**What is needed**
In the records below, the lines from the one containing "The Hundreds x CLOT Lookbook" through the last are to be reproduced exactly and alone.

**Exercise inputs**
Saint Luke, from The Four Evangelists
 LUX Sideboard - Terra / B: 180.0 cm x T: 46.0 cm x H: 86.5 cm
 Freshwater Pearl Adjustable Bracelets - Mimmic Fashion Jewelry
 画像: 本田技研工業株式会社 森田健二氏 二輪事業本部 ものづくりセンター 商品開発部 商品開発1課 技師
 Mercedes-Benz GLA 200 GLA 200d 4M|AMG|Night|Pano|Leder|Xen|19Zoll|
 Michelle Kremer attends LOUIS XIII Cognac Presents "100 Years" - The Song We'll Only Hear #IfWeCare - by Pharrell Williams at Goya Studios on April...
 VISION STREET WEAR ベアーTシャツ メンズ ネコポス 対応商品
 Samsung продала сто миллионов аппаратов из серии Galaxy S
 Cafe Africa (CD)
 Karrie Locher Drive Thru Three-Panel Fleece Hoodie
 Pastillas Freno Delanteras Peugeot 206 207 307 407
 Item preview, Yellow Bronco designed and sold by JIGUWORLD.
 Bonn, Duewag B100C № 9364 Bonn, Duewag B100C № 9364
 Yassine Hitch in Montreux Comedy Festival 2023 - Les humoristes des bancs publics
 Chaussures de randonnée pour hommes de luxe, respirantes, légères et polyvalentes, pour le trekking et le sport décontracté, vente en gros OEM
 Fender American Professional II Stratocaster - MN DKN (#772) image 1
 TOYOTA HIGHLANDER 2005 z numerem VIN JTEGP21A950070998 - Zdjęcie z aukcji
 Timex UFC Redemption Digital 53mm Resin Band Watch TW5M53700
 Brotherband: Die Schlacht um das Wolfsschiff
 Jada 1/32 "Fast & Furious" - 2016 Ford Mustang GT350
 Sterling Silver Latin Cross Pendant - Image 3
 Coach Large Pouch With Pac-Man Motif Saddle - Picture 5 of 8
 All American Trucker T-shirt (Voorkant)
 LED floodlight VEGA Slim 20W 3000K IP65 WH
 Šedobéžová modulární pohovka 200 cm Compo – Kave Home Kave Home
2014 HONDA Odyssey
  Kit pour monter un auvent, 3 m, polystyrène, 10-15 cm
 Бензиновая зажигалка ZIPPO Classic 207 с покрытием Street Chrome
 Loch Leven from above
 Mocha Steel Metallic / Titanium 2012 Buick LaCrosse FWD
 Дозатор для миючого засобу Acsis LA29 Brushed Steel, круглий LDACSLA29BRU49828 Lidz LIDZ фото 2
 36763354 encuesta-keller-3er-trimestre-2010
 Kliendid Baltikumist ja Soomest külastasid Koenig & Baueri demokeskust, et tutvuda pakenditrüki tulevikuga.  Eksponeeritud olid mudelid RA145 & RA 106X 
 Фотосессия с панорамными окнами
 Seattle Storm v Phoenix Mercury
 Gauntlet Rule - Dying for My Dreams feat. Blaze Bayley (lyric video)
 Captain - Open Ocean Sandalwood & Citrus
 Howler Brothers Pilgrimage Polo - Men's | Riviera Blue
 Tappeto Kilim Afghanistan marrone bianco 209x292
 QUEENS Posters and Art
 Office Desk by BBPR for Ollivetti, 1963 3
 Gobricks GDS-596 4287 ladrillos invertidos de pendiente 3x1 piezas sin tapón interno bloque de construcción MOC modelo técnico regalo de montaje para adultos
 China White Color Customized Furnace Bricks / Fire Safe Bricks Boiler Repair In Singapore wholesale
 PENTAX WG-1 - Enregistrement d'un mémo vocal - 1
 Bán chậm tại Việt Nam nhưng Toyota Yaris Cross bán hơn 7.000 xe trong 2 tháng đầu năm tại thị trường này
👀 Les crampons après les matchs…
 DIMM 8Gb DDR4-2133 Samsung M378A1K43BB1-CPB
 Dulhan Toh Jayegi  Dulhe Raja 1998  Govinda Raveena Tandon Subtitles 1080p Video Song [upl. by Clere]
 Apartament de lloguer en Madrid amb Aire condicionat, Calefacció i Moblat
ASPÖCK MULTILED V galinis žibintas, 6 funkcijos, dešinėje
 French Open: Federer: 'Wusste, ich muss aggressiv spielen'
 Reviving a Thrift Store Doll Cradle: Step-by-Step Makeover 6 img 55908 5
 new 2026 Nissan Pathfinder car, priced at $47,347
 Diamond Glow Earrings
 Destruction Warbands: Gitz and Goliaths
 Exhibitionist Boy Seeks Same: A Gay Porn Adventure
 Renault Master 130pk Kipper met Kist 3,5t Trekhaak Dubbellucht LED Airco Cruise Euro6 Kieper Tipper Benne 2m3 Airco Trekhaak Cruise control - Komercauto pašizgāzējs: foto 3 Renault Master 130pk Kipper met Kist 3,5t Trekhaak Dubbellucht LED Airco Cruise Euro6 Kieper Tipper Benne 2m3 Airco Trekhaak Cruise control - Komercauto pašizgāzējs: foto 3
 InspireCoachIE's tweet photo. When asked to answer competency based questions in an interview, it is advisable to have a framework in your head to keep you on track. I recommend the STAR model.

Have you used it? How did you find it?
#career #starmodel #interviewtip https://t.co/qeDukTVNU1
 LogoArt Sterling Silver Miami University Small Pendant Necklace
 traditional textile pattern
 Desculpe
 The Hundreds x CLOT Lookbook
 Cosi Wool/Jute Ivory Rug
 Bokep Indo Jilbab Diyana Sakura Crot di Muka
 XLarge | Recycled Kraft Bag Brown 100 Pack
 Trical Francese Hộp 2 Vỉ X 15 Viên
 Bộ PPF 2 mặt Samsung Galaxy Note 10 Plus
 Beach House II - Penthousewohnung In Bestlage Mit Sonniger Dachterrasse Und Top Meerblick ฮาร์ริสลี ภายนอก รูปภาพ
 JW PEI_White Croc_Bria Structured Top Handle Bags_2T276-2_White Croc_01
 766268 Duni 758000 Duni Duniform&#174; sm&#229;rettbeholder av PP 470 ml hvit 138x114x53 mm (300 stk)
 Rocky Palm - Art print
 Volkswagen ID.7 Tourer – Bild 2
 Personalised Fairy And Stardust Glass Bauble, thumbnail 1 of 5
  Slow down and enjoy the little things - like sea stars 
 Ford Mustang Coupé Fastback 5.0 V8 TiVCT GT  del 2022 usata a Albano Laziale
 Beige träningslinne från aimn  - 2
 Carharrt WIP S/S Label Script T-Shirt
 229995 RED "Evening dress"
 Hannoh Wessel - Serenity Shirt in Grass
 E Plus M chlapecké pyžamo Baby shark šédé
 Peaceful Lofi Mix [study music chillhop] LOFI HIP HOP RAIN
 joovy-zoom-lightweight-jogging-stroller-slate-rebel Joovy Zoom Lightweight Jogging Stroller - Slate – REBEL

**Written solution**
 The Hundreds x CLOT Lookbook
 Cosi Wool/Jute Ivory Rug
 Bokep Indo Jilbab Diyana Sakura Crot di Muka
 XLarge | Recycled Kraft Bag Brown 100 Pack
 Trical Francese Hộp 2 Vỉ X 15 Viên
 Bộ PPF 2 mặt Samsung Galaxy Note 10 Plus
 Beach House II - Penthousewohnung In Bestlage Mit Sonniger Dachterrasse Und Top Meerblick ฮาร์ริสลี ภายนอก รูปภาพ
 JW PEI_White Croc_Bria Structured Top Handle Bags_2T276-2_White Croc_01
 766268 Duni 758000 Duni Duniform&#174; sm&#229;rettbeholder av PP 470 ml hvit 138x114x53 mm (300 stk)
 Rocky Palm - Art print
 Volkswagen ID.7 Tourer – Bild 2
 Personalised Fairy And Stardust Glass Bauble, thumbnail 1 of 5
  Slow down and enjoy the little things - like sea stars 
 Ford Mustang Coupé Fastback 5.0 V8 TiVCT GT  del 2022 usata a Albano Laziale
 Beige träningslinne från aimn  - 2
 Carharrt WIP S/S Label Script T-Shirt
 229995 RED "Evening dress"
 Hannoh Wessel - Serenity Shirt in Grass
 E Plus M chlapecké pyžamo Baby shark šédé
 Peaceful Lofi Mix [study music chillhop] LOFI HIP HOP RAIN
 joovy-zoom-lightweight-jogging-stroller-slate-rebel Joovy Zoom Lightweight Jogging Stroller - Slate – REBEL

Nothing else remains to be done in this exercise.